Tempo di lettura: 3 minuti

Sono entrato in sala fresco di visione dell’originale Suspiria di Dario Argento ma non mi aspettavo che il film di Guadagnino cercasse in nessun modo di ripercorrere i passi dell’originale è così è stato. Se l’impianto di base è più o meno il medesimo (studentessa americana che arriva in Germania per perfezionare le sue doti di ballerina presso una prestigiosa accademia di danza), se le coordinate mistiche hanno la stessa impronta definita da Dario Argento nel suo Suspiria, tutto il resto prende direzioni decisamente differenti.
Questo è un bene o un male? Detto con tutta onestà, non lo so. Che Guadagnino sia una ottimo regista è fuor di dubbio. Che abbia un tocco personale, la mano riconoscibile propria di tutti i grandi autori è cosa altrettanto certa. Eppure questo Suspiria è troppe cose tutte insieme.

La separazione in atti (forse nel cinema citazione un po’ tarantiniana) è simbolo perfetto di una pellicola il cui valore complessivo è inferiore alla somma delle parti. Ho trovato alcune cose molto buone, più di tutte la danza/incantesimo con il quale la giovane Susan catalizza a sua insaputa la magia della congrega e condanna Olga a un morte terribile. Altre cose, per quanto distinguibili, troppo scollegate tra loro: c’è il periodo storico sul quale Guadagnino indugia molto, c’è il senso di colpa, l’amore e ciò che resta dell’amore col passare del tempo.
Ma ci sono anche le streghe, c’è Susan, ci sono la Markos e la Blanc. Suspiria è un opulento e persistente caleidoscopio ma, proprio come nei caleidoscopi, mancano riferimenti e coordinate di base, manca una collante (i Jedi la chiamerebbero Forza) che ‘tenga unite tutte le cose‘ messe in campo da Guadagnino.

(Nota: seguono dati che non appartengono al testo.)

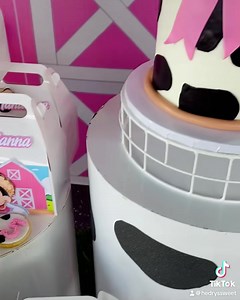 27K views · 234 reactions | Minnie mouse granjera #minnie #minniemouse #minniedecor #minniedecoracion #minniemousecake #minniemouseparty #minniemousebirthday #minniemousecookies #minniemousetheme #minnieideas #granja #granjadecor #granjadecoracion | Hedrys Sweet and Cake Decoration | Facebook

Suspiria è elegante e ha una sua grande autonomia. Guadagnino si è ispirato al lavoro di Argento (e prima ancora a quello di Thomas De Quincey) e ha raccontato la sua storia però l’impressione è che, oltre all’assenza di coordinate, abbia voluto comunque omaggiare il film originale. E anche questo diventa l’ennesimo frammento di caleidoscopio che non trova perfetta armonia col resto.
Il Grand Guignol alla fine dell’Atto Sesto esce dal registro dell’intera pellicola aggiungendo altri significati e signficanti alla narrazione, confondendo e dando l’impressione di qualcosa che si voleva dire senza averne il tempo. Ed è un peccato perché il film è molto lungo.
C’è poi, a tratti, una volontà esasperata di raccontare una storia ‘altra’, qualcosa che esuli dalla semplice storia di stregoneria che costituisce il cuore nero di Suspiria. Come un tentativo di fare horror, sì, ma horror di altra maniera. Questo non è necessariamente un male ma forse il legame con il lavoro di Argento ha vincolato quello di Guadagnigno che, in sintesi, voleva raccontare una storia ben diversa.
Quindi Suspiria è un brutto film? Assolutamente no. Come dicevo è elegante, claustrofobico, inquietante e capace di pizzicare corde nascoste, di disegnare un periodo storico forse avvelenato dal potere delle streghe. Ma è anche disarmonico e disorientate: forse, come Davide Pulici ha brillantemente fatto notare su Nocturno, soffre della sindrome di Prometheus: ambizioni molto alte, regia all’altezza, ma scrittura e amalgama non del tutto.